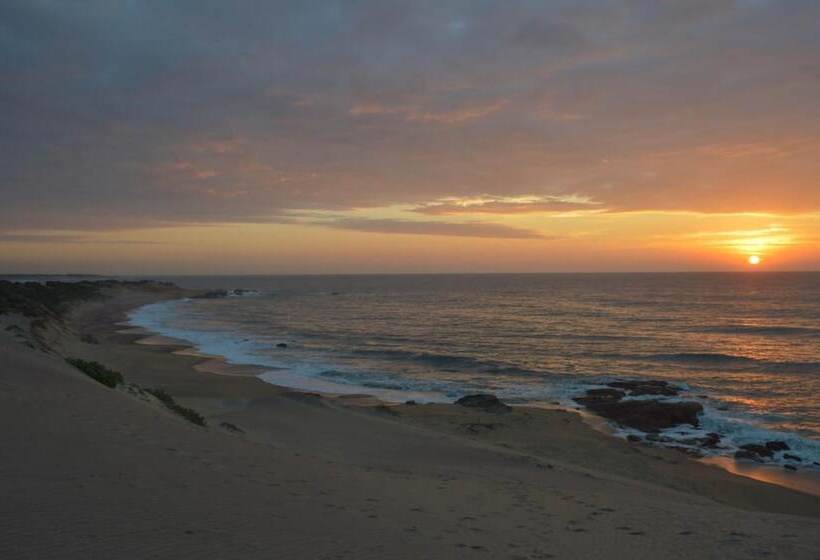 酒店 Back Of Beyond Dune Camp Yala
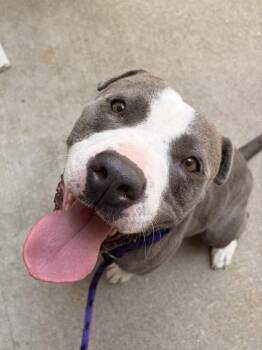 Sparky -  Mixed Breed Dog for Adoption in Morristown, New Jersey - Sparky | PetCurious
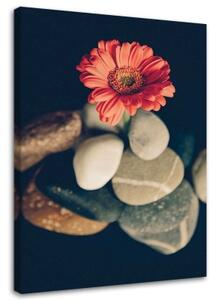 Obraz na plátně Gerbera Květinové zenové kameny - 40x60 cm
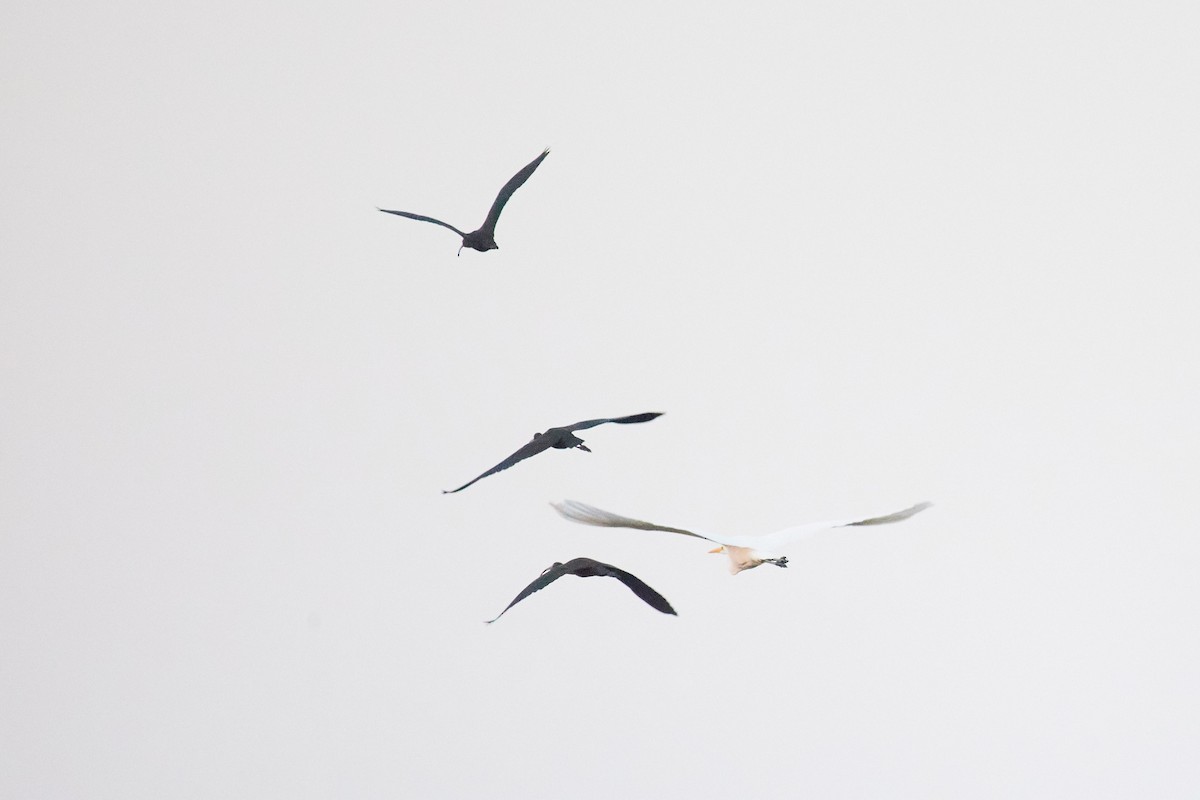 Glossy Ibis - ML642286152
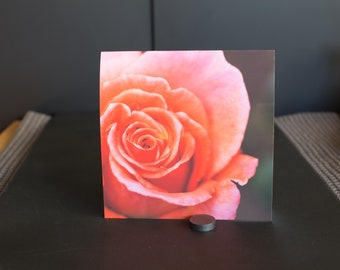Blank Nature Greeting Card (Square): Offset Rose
■ ■ ■ ■
Problem requirements:
Restate all of the material word for word, leaving every picture out.

Finished task:
 酒店 Back Of Beyond Dune Camp Yala
 Sparky -  Mixed Breed Dog for Adoption in Morristown, New Jersey - Sparky | PetCurious
 Obraz na plátně Gerbera Květinové zenové kameny - 40x60 cm
 Glossy Ibis - ML642286152
Blank Nature Greeting Card (Square): Offset Rose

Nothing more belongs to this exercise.